6. Ekologi pertanian yang tidak stabil
Sementara itu dalam sistem agro ekologinya sendiri terjadi masalah yang sifatnya operasional, yakni terjadi kesulitan pengelolaan lahan pertanian karena kondisi alam yang dipengaruhi oleh iklim laut yang pasang surut. Akibatnya banyak lahan yang tidak optimal karena kadar garam yang tinggi. Akibatnya, karena iklim seperti ini ditambah dengan pengetahuan yang terbatas, para petani ini tidak bisa berpenghasilan dengan baik
e. Respon Pemerintah
Sebenarnya pemerintah sudah menyadari akan masalah tersebut. Oleh karena itu, dari beberapa permasalahan di atas, pemerintah memandang perlu juga untuk melakukan pembangunan kawasan Segara Anakan di muara Sungai Citandui yaitu:
1) Bantuan alat tangkap untuk mengembangkan sektor perikanan yang menjadi basik mata pencaharian mereka.

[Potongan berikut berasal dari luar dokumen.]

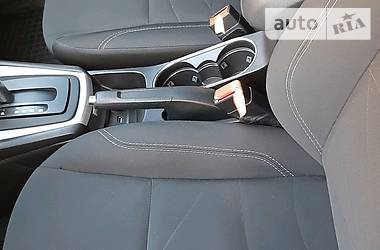 Хетчбек Ford Fiesta 2016 в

2) Bantuan ternak sebagai solusi untuk mengembangkan sumber daya daging untuk masyarakat di sekitarya.
3) Bantuan permodalan yang diberikan kepada kelompok usaha sebagai stimulus untuk meningkatkan perekonomian masyarakatnya.
4) Bantuan beras raskin sebagai usaha untuk memenuhi kebutuhan pokok pangan masyarakat miskin.
5) Bantuan pembibitan ikan tawar.
6) Bantuan pengukuran dan pembatasan luasan tanah yang menjadi hak kelola dan hak milik baik dalam bentuk sertifikat atau surat berharga lainnya.
Selain program di atas, pemerintah juga melakukan pembangunan lain yaitu:
1) Pembangunan sarana jalan dan jembatan.
2) Pembangunan saluran listrik ke desa.
3) Pembangunan sarana kesehatan berupa Puskesmas Pembantu lengkap dengan pekerja kesehatan (seperti bidan desa, dan mantra kesehatan) di masing-masing desa.
4) Pembangunan sarana pendidikan yaitu sekolah SD dan SMP, walaupun kondisinya masih sangat memprihatinkan.
5) Pengerukan saluran Sungai Citandui.
6) Mengembangan kawasan Segara Anakan sebagai kawasan wisata yang menjadi asset daerah untuk meningkatkan Pendapatan Asli Daerah (PAD).
Usaha pemerintah dalam rangka melakukan pembangunan dan pengembangan kawasan Segara Anakan masih memberikan peluang masalah yang terjadi di wilayah ini. Secara singkat beberapa permasalahan yang muncul kaitannya dengan permasalahan penguasaan lahan di kawasan Segara Anakan adalah:
1) Jumlah penduduk meningkat baik peningkatan penduduk alami maupun meningkatnya arus mobilitas penduduk masuk ke wilayah Segara Anakan. Hal ini juga berakibat pada meningkatnya nilai lahan menjadi bertambah baik fungsi maupun kemanfaatannya oleh masyarakat lokal maupun pendatang.
2) Hak kepemilihan lahan yang tidak berdasarkan pengaturan yang jelas. Permasalahan tapal batas tanah timbul yang tidak jelas kepemilikannya dan hak pengelolaan tanah oleh masyarakat yang dipatok (claiming) oleh sebagian orang secara sepihak.
3) Ketidakjelasan atas Keberlanjutan mata pencaharian masyarakat lokal sebagai nelayan dengan hasil laut yang sekarang dari tahun ke tahun semakin menurun.
4) Kendala perubahan mata pencaharian masyarakat lokal yang sudah terlanjur menjadi petani daratan karena pengalaman dan kemampuan tani yang masih kurang dan perubahan musim pasang surut air laut.
5) Meningkatnya kerusakan hutan mangrove sebagai salah satu sumber daya alam kelautan yang tak ternilai untuk memberikan dukungan terhadap eksistensi ekosistem laut yang seimbang.